Pausing log shipping for streaming replication

Started by Joseph Kreglohover 11 years ago9 messagesgeneral

jkregloh@sproutloud.com

over 11 years ago

Hello,

I have a master multi slave streaming replication setup. One master and two
slaves. I need to do some maintenance on one of the slaves as one of the
drives died however there is some other weird things going on in that array
that I would need to investigate. So I am expecting the machine to be down
at least two hours.

I remember reading that if a master cannot connect to the slave it would
hold the log file from shipping. Is there any other way to hold the file
until the slave comes back online?

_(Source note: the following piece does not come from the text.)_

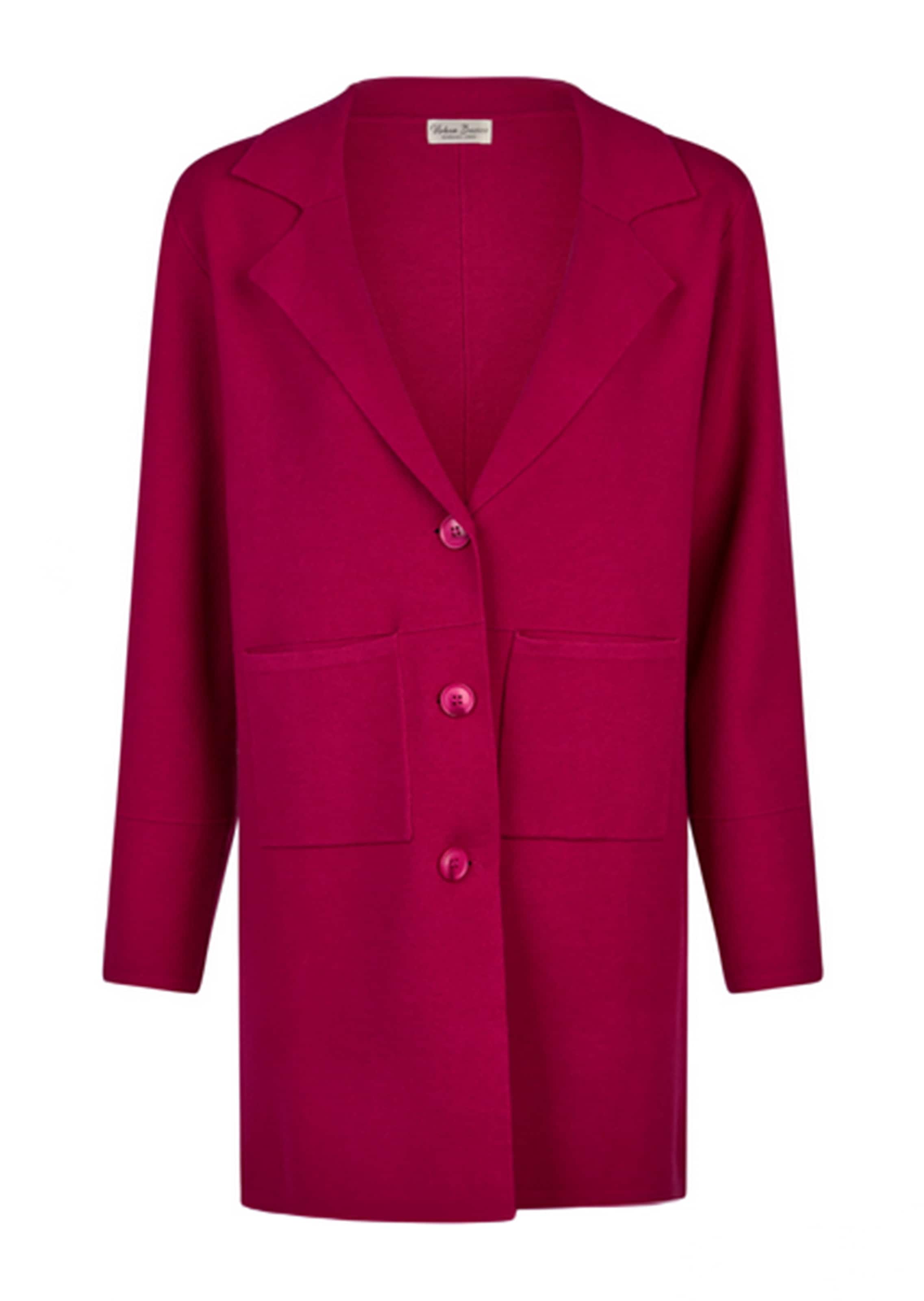 Longstrickblazer mit Reverskragen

Would it affect both slaves not getting
their files shipped over?

The good thing is that the slave in question is not serving any connections.

From what I remember emptying out the archive_command would pause log
shipping. Can the same be done by issuing a pg_stop_backup()?

Thanks,
-Joseph Kregloh

Patrick Krecker

patrick@judicata.com

over 11 years ago

In reply to: Joseph Kregloh (#1)

Re: Pausing log shipping for streaming replication

On Mon, Dec 15, 2014 at 9:12 AM, Joseph Kregloh <jkregloh@sproutloud.com> wrote:

Hello,

I have a master multi slave streaming replication setup. One master and two
slaves. I need to do some maintenance on one of the slaves as one of the
drives died however there is some other weird things going on in that array
that I would need to investigate. So I am expecting the machine to be down
at least two hours.

I remember reading that if a master cannot connect to the slave it would
hold the log file from shipping. Is there any other way to hold the file
until the slave comes back online? Would it affect both slaves not getting
their files shipped over?

The good thing is that the slave in question is not serving any connections.

From what I remember emptying out the archive_command would pause log
shipping. Can the same be done by issuing a pg_stop_backup()?

Thanks,
-Joseph Kregloh

I think you will need to change your archive_command so it saves the
WALs to a location reachable by both slaves and the master, and have
both slaves pull from the same location. I don't think
pg_stop_backup() is useful in this situation.

The master will hold the logs as long as archive_command fails [1]http://www.postgresql.org/docs/9.1/static/continuous-archiving.html. To
the extent that archive_command involves connecting to the slave, then
yes, Postgres will hold the WAL archives while the slave is down.
There are (at least) two reasons that saving the archives to some
other location is useful:

1) You don't risk running out of disk on the master due to batched up
WALs if a slave goes down.
2) The backup of logs can be used to aid in point-in-time recovery.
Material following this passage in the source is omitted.